• [What you will do]:
Your job is to give again, exactly and with no additions, the lines in the records below from the one with "Samonabíjecí puška Daniel" through the one with "Cập nhật tiến", both included. Omit the pictures.

• [Supplied entries]:
......

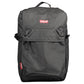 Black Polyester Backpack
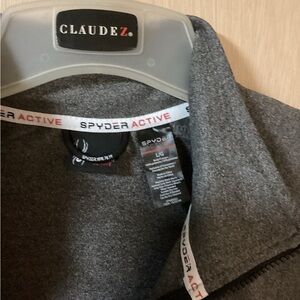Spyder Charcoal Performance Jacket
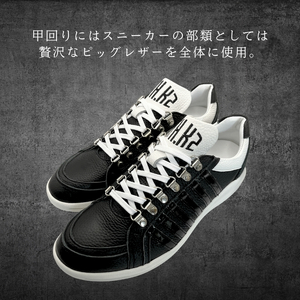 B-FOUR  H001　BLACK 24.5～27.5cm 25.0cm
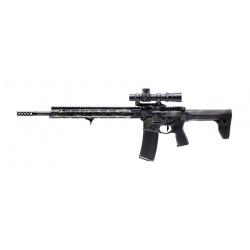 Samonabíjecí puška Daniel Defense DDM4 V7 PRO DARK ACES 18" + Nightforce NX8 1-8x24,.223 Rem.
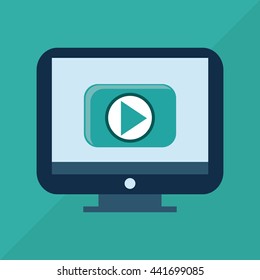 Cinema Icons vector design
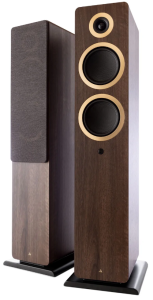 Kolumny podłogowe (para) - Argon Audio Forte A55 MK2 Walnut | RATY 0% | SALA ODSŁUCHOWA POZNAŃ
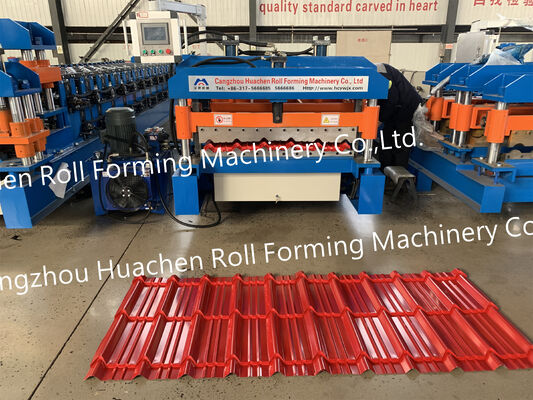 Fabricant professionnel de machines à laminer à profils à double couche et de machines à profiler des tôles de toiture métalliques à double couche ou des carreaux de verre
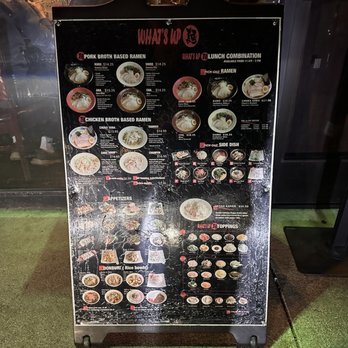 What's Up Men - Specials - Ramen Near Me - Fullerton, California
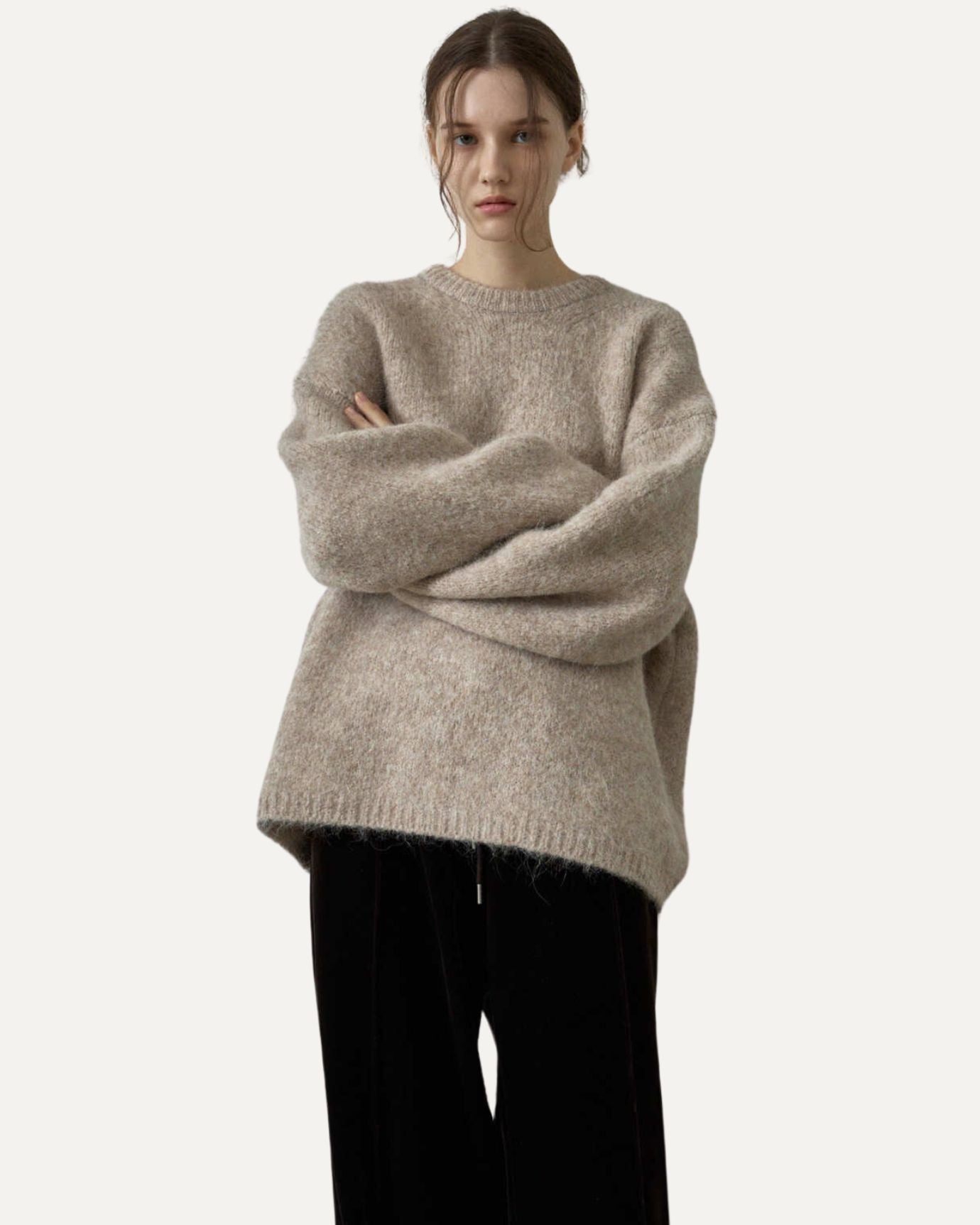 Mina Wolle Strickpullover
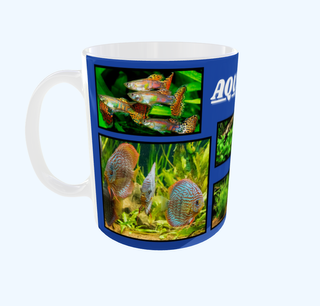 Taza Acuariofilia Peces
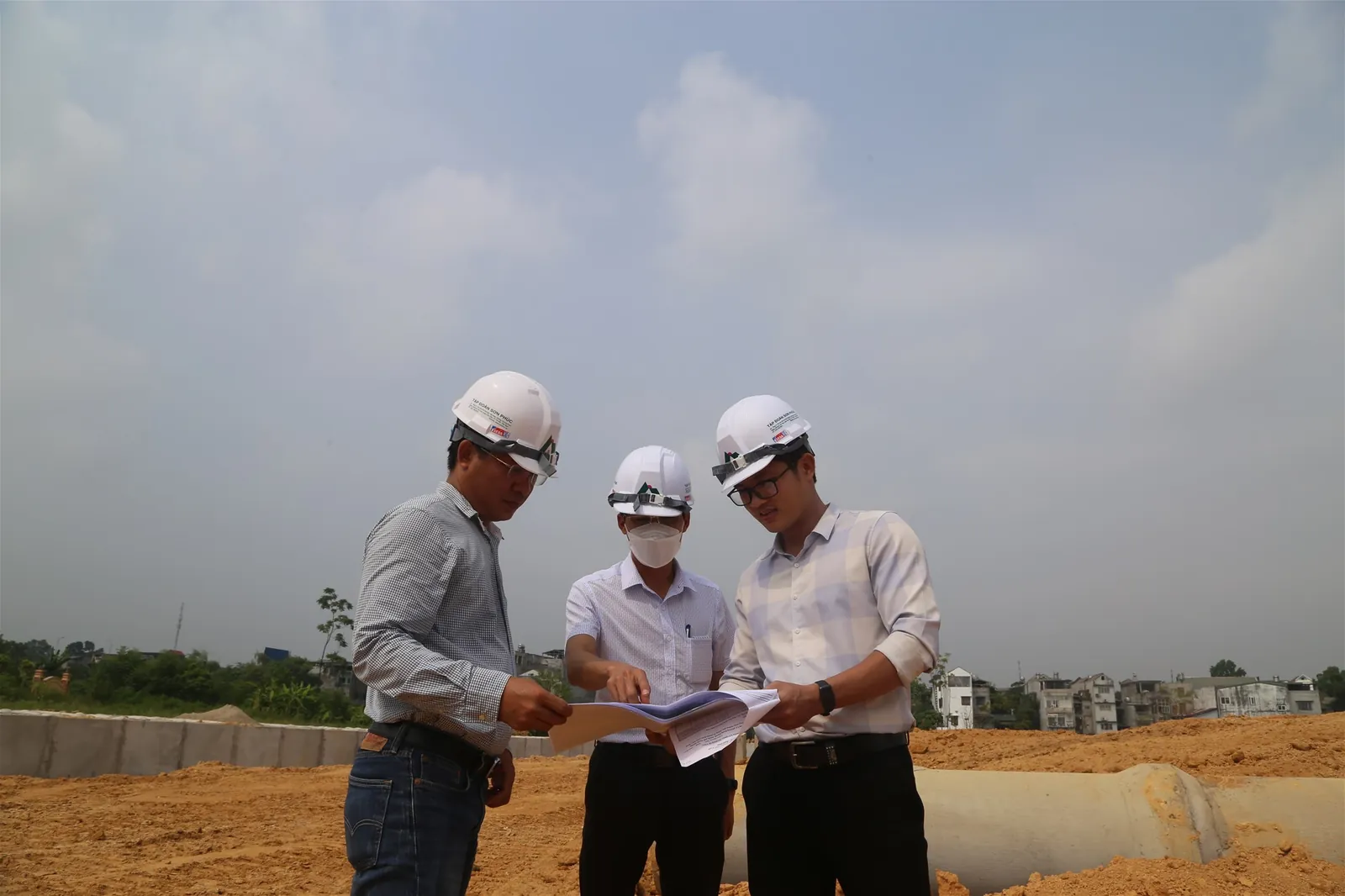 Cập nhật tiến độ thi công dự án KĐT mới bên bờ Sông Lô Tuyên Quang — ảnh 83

......

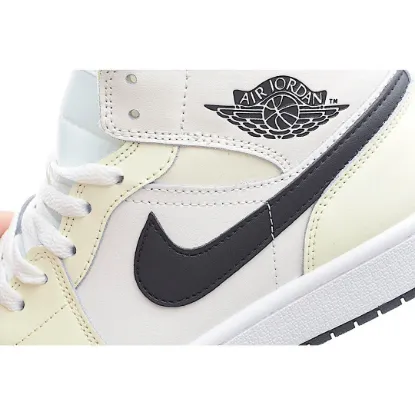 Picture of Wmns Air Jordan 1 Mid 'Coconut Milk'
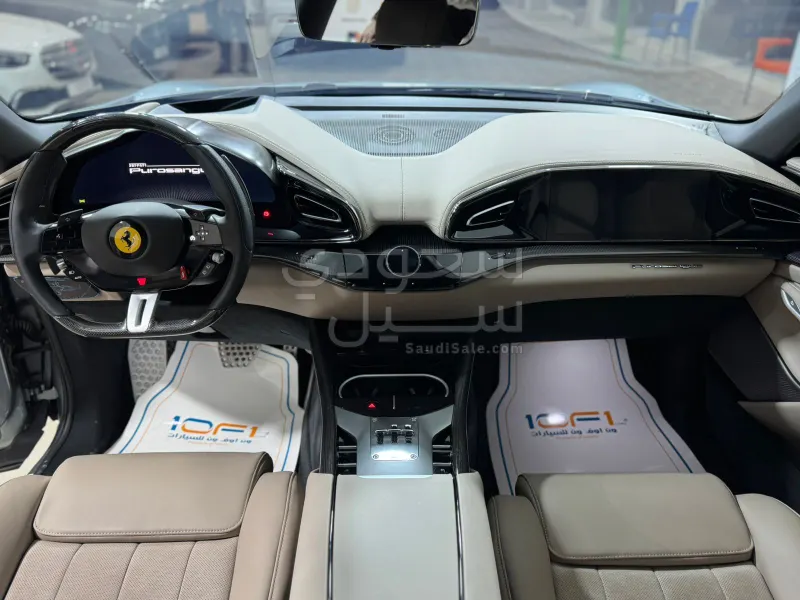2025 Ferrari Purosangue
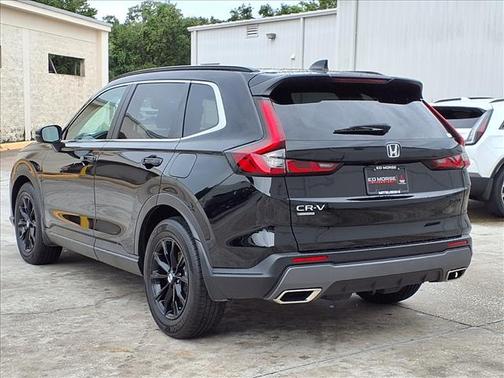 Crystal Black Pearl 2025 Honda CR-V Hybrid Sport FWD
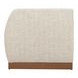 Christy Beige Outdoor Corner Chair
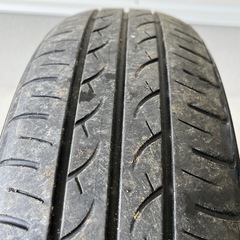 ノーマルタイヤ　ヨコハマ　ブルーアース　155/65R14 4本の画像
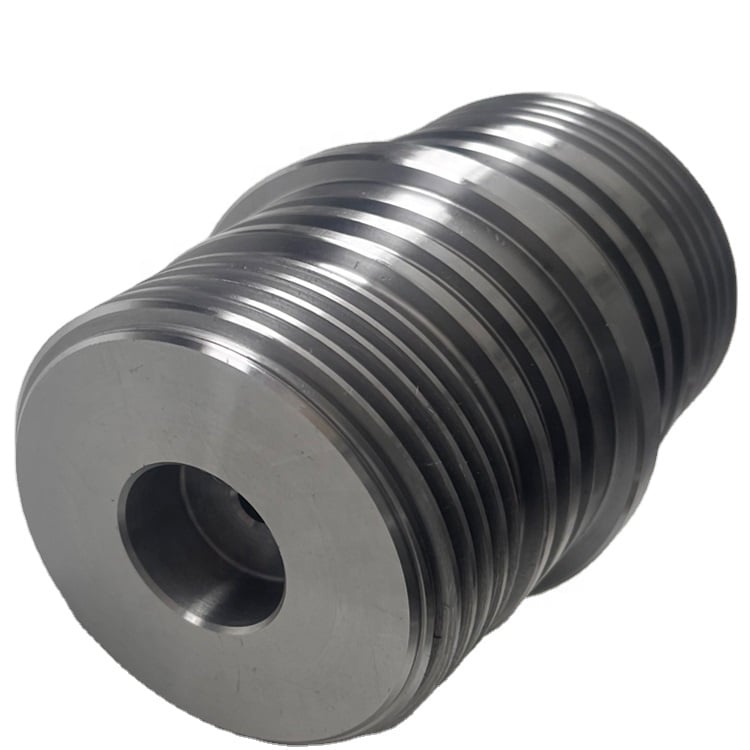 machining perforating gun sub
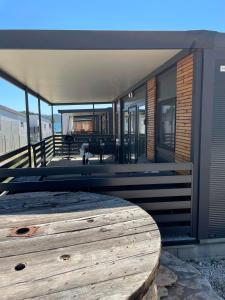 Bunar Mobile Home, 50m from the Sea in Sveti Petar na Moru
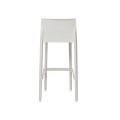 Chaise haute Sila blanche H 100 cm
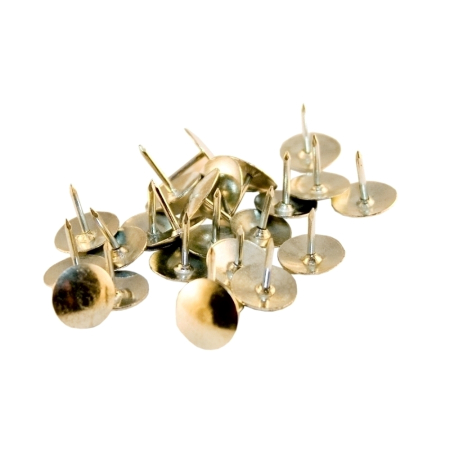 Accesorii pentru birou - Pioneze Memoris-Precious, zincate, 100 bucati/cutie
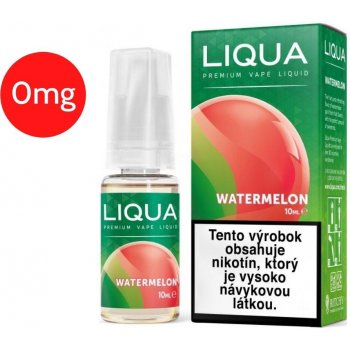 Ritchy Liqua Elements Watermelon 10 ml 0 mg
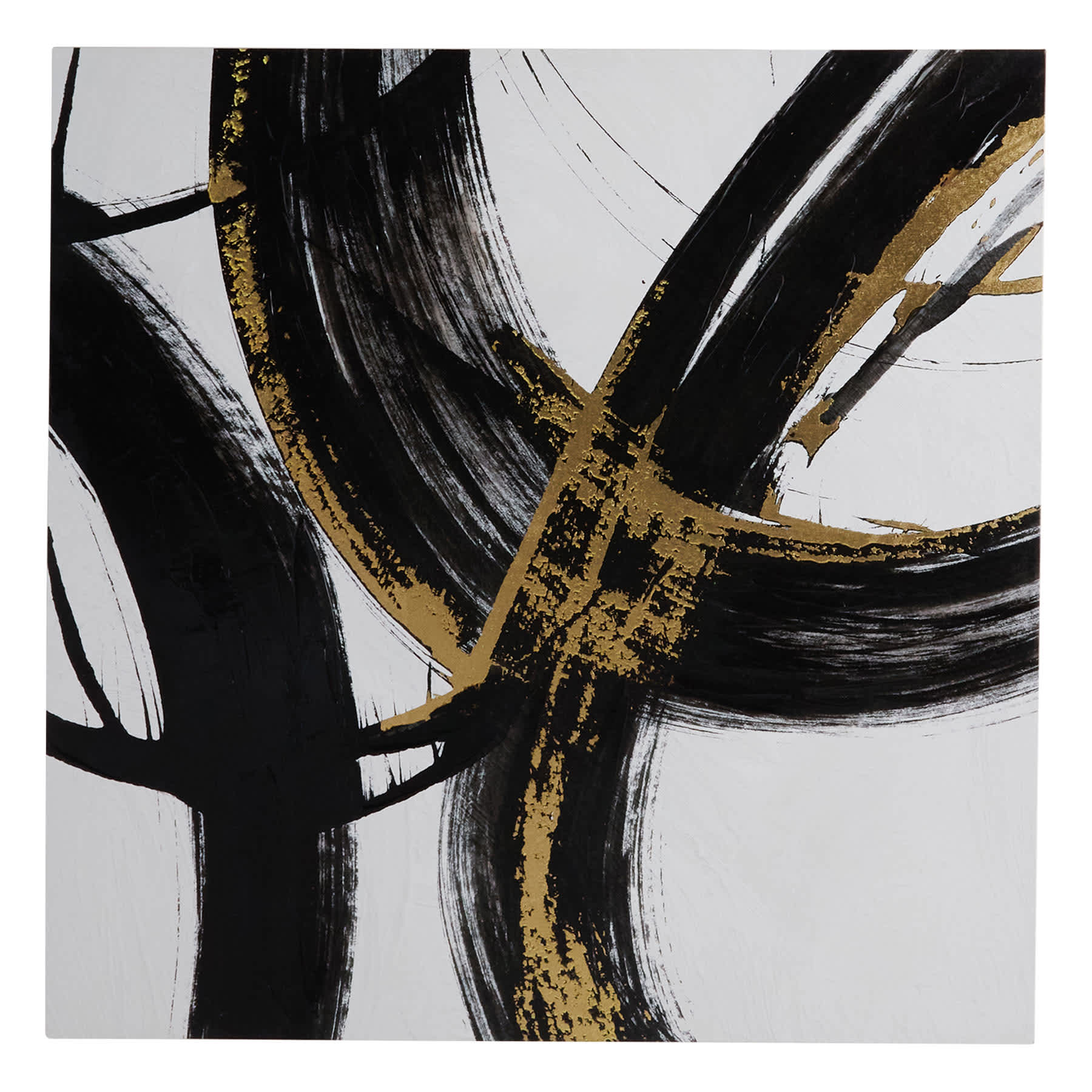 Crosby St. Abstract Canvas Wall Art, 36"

......

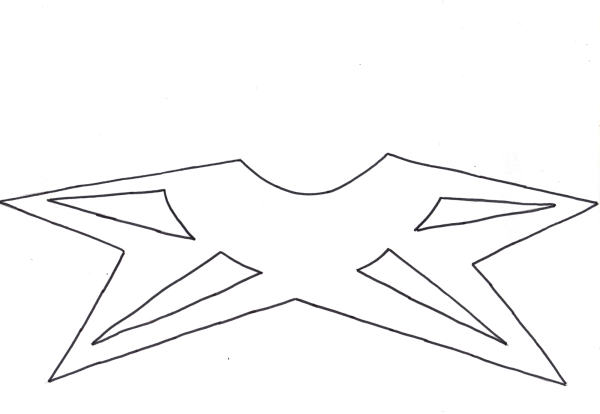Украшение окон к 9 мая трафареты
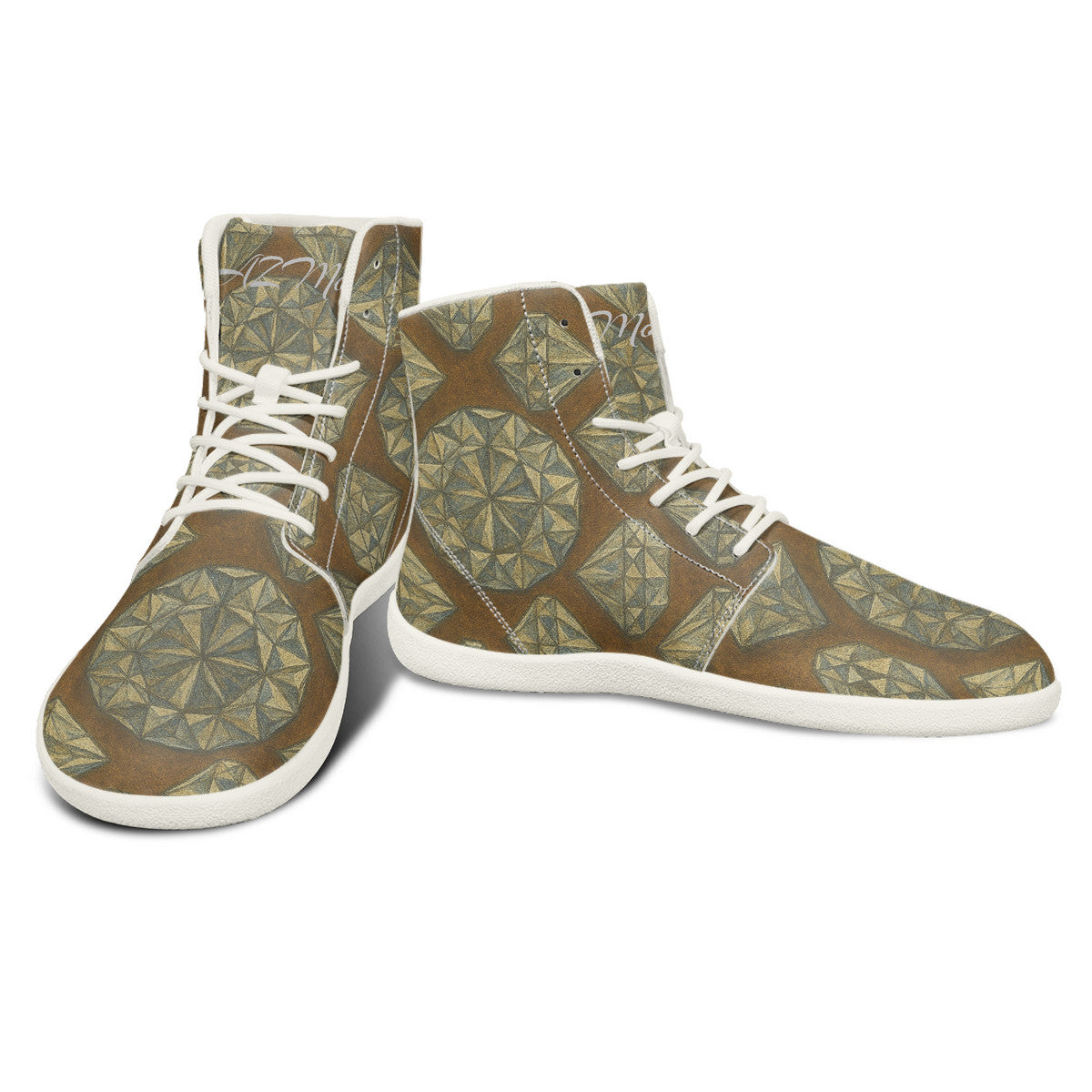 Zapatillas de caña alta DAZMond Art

......

• [Your solution]:
 Samonabíjecí puška Daniel Defense DDM4 V7 PRO DARK ACES 18" + Nightforce NX8 1-8x24,.223 Rem.
 Cinema Icons vector design
 Kolumny podłogowe (para) - Argon Audio Forte A55 MK2 Walnut | RATY 0% | SALA ODSŁUCHOWA POZNAŃ
 Fabricant professionnel de machines à laminer à profils à double couche et de machines à profiler des tôles de toiture métalliques à double couche ou des carreaux de verre
 What's Up Men - Specials - Ramen Near Me - Fullerton, California
 Mina Wolle Strickpullover
 Taza Acuariofilia Peces
 Cập nhật tiến độ thi công dự án KĐT mới bên bờ Sông Lô Tuyên Quang — ảnh 83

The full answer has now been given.